North America has witnessed phenomenal growth in Oil supplies and is among the largest contributor to non-OPEC oil supply growth.
However, pipeline bottlenecks have created problems for WTI sweet crude oil making it the cheapest Oil available due to the glut despite Libyan tensions pushing up oil prices globally.
How long will WTI crude oil with delivery point at Cushing, Oklahoma remain the benchmark for the global commodity? It may not last beyond 2014, according to an analysis by Bank of America-Merrill Lynch (BofAML). North American crude oil supplies are surging at a fast pace and US was the largest contributor to non-OPEC oil supply growth in 2010, adding nearly 370,000 b/d, and Canadian oil output increased by 150,000 b/d/. Presently, refineries around Oklahoma are flooded with crude oil and capacities stretched to the limit.
The retention of benchmark status for WTI crude rests on how soon it may be able to build new pipeline capacity to transport Oil as the present system is already stretched. “The refineries in the Midwest PADD2 and in the Rockies PADD 4 regions cannot cope with the growing volumes of crude, and the pipeline system cannot bring all the surplus crude to the Gulf Coast.
The market’s hope seems to rest on two pipelines from Cushing to Texas with capacity exceeding 650 thousand b/d that could come on line by 2013/14. While this additional capacity should help close the WTI-Brent gap, a broader question remains on whether WTI will be a relevant benchmark at all by 2014, BofAML analysis said.
With crude oil flows continuing to grow and refineries struggling to process the soaring volumes, refining margins, as well as the value of storage, have soared around the Midwest. In particular, gasoline and distillate crack spreads have widened to record seasonal levels, BofAML analysis said.On the other hand the refineries processing Brent Crude are not enjoying the same kind of margins. Recent company reports suggest that firms suchas Frontier and Holly that operate refineries in the Midwest have experienced a substantial increase in earnings. Frontier has large heavy crude capabilities at its Cheyenne refinery and direct access to WTI at their El Dorado, Kansas refinery with about 33% of their crude slate coming from WTI. Meanwhile, Holly’s Tulsa, Oklahoma refinery is running over 100 thousand b/d of WTI, representing about 40% of capacity.

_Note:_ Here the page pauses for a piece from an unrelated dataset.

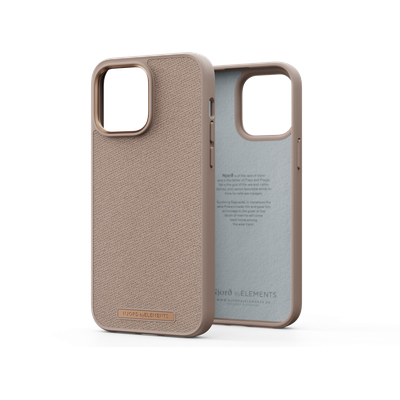 Njord Collections Fabric Just Case Hoesje geschikt voor iPhone 14 Pro Max - Pink Sand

Surplus oil in PADD 2 region are being moved to other parts of USA where refining capacitiies are available but they are limited by pipeline supply bottlenecks especially to US Gulf Coast.Similarly, crude oil movements into PADD 4, the Rockies, have accelerated ) towards the end of last year. But refineries around the Rockies are
already operating at very high levels, and we see limited scope for further crude oil movements into PADD 4
With the pipeline system saturated, shippers have moved on to other sources of transport including rail and truck to take advantage of the price differentials
between landlocked WTI and Gulf Coast seaborne grades such as Light Louisiana Sweet and HLS (Chart 17).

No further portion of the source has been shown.